Inaccurate Documentation of Fall and Investigation
Penalty
Summary
The facility failed to accurately document the details of a fall and the subsequent fall investigation for one resident. The medical record review revealed inconsistencies in the documentation of the fall event, including conflicting dates and times of the incident, discrepancies in the reporting of injuries, and inconsistent notification times for the nurse practitioner and resident representative. Two separate fall investigation reports were completed for the same incident, both indicating the fall was classified as 'with injury,' yet both reports stated there was no injury and no pain. Additionally, the progress note from the nurse practitioner described a small abrasion on the back of the resident's head and right thigh pain, which was not reflected in the fall investigation reports. The care plan identified the resident as being at risk for falls due to multiple medical conditions and medications, but the documentation of the actual fall event and related assessments was not consistent or accurate.
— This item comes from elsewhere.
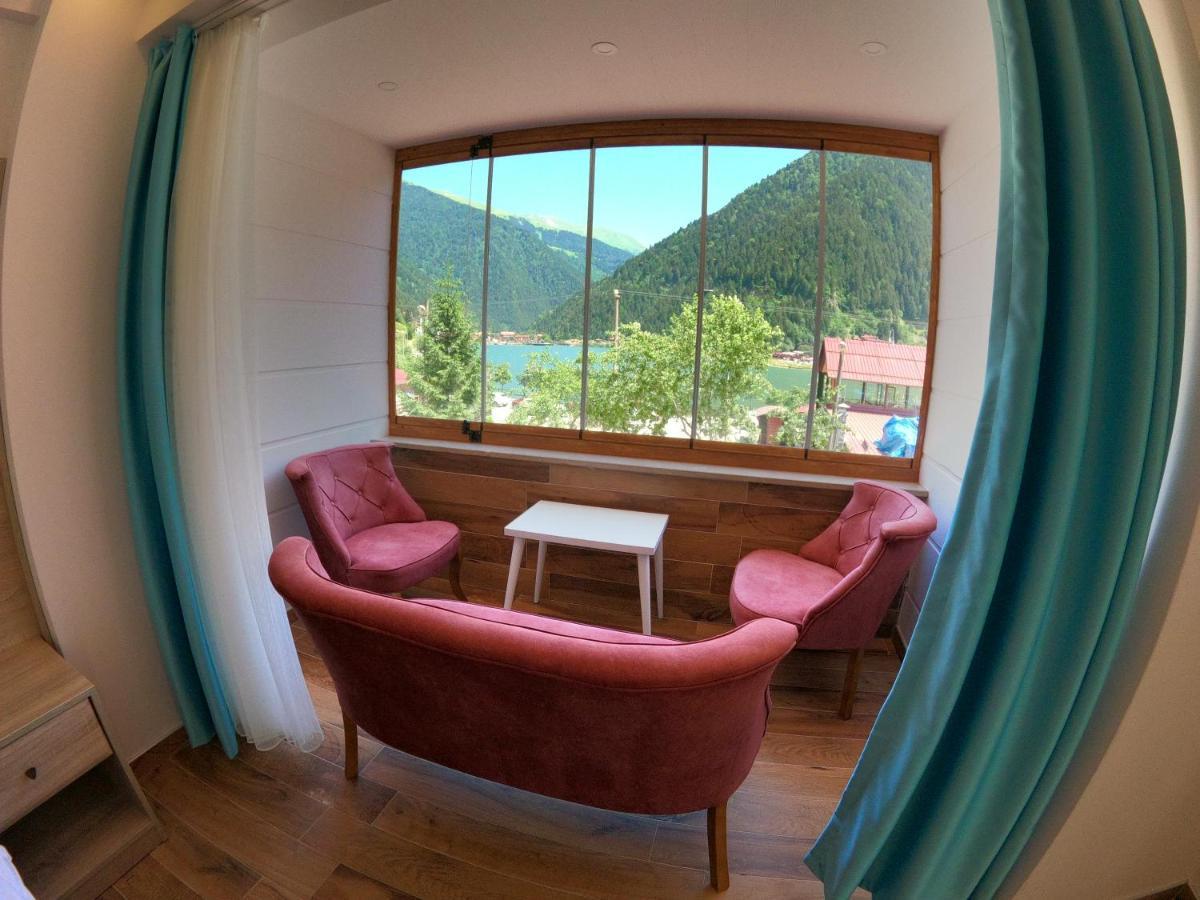 Danis Otel Ve Restoran Uzungöl Exterior photo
The resident involved had multiple diagnoses, including osteoarthritis, atrial fibrillation, diabetes, COPD, bipolar disorder, hypertension, and impaired mobility. The resident self-reported the fall, stating she hit her head and hurt her arm, but the incident reports did not document these injuries. Interviews with facility staff confirmed the existence of two incident reports for the same event and acknowledged that the information in the reports did not match. The Director of Nursing confirmed that the fall was classified as a fall with injury, despite the incident reports indicating otherwise, and explained that the duplication occurred because the first report was accidentally closed before completion.